Я, чтобы помочь суду, который будет судить Эйхмана, хочу высказать мнение, что он не способен отличить добро от зла и что не только добро и зло, но и правду и ложь, надежду и отчаяние, красоту и уродство, доброту и жестокость, комедию и трагедию его сознание воспринимает не различая, как одинаковые звуки рожка.
Мой случай другой. Я всегда знаю, когда говорю ложь, я способен предсказать жестокие последствия веры других в мою ложь, знаю, что жестокость – это зло.
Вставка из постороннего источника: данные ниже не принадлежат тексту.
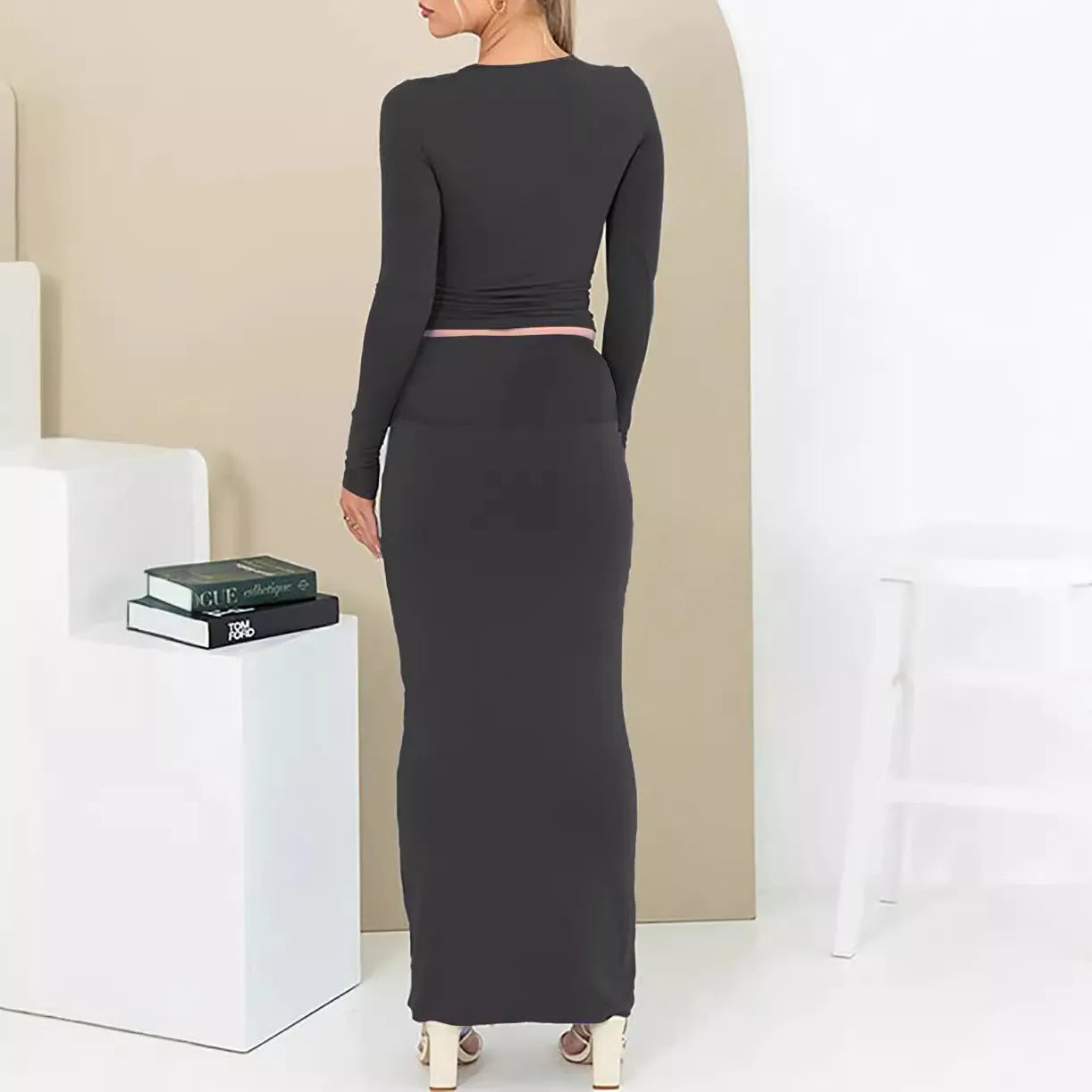Women's sweet style two-piece suit with crop top and long skirt in polyester fabric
Я не могу лгать, не замечая этого, как не могу не заметить, когда выходит почечный камень.
Если бы нам после этой жизни было суждено прожить еще одну, я бы хотел в ней быть человеком, о котором можно сказать: «Простите его, он не ведает, что творит».
Сейчас обо мне этого сказать нельзя.
Единственное преимущество, которое дает мне умение различать добро и зло, насколько я понимаю, это иногда посмеяться там, где эйхманы не видят ничего смешного.
– Вы еще пишете? – спросил меня Эйхман там, в Тель-Авиве.
– Последний проект, – сказал я, – сценарий торжественного представления для архивной полки.
– Вы ведь профессиональный писатель?
– Можно сказать, да.
– Скажите, вы отводите для работы какое-то определенное время дня, независимо от настроения, или ждете вдохновения, не важно, днем или ночью?
– По расписанию, – ответил я, вспоминая далекое прошлое.
Я почувствовал, что он проникся ко мне уважением.
– Да, да, – сказал он, кивая, – расписание. Я тоже пришел к этому. Иногда я просто сижу, уставившись на чистый лист бумаги, сижу все то время, что отведено для работы. А алкоголь помогает?
– Я думаю, это только кажется, а если и помогает, то примерно на полчаса, – сказал я. Это тоже было воспоминание молодости.
Тут Эйхман пошутил.
– Послушайте, – сказал он, – насчет этих шести миллионов.
– Да?
– Я могу уступить вам несколько для вашей книги, – сказал он. – Я думаю, мне так много не нужно.
Я предлагаю эту шутку истории, полагая, что поблизости не было магнитофона. Это одна из незабвенных острот Чингисхана-бюрократа.
Возможно, Эйхман хотел напомнить мне, что я тоже убил множество людей упражнениями своих красноречивых уст. Но я сомневаюсь, что он был настолько тонким человеком, хотя и был человеком неоднозначным. Возвращаясь к шести миллионам убитых им – я думаю, он не уступил бы мне ни одного. Если бы он начал раздавать все свои жертвы, он перестал бы быть Эйхманом в его эйхмановском понимании Эйхмана.
Охранники увели меня, и еще одна, последняя, встреча с этим человеком века была в виде записки, загадочно проникшей из его тюрьмы в Тель-Авиве ко мне в Иерусалим. Записка была подброшена мне неизвестным в прогулочном дворе. Я поднял ее, прочел, и вот что там было: «Как вы думаете, необходим ли литературный агент?» Записка была подписана Эйхманом.
Вот мой ответ: «Для клуба книголюбов и кинопродюсеров в Соединенных Штатах – абсолютно необходим».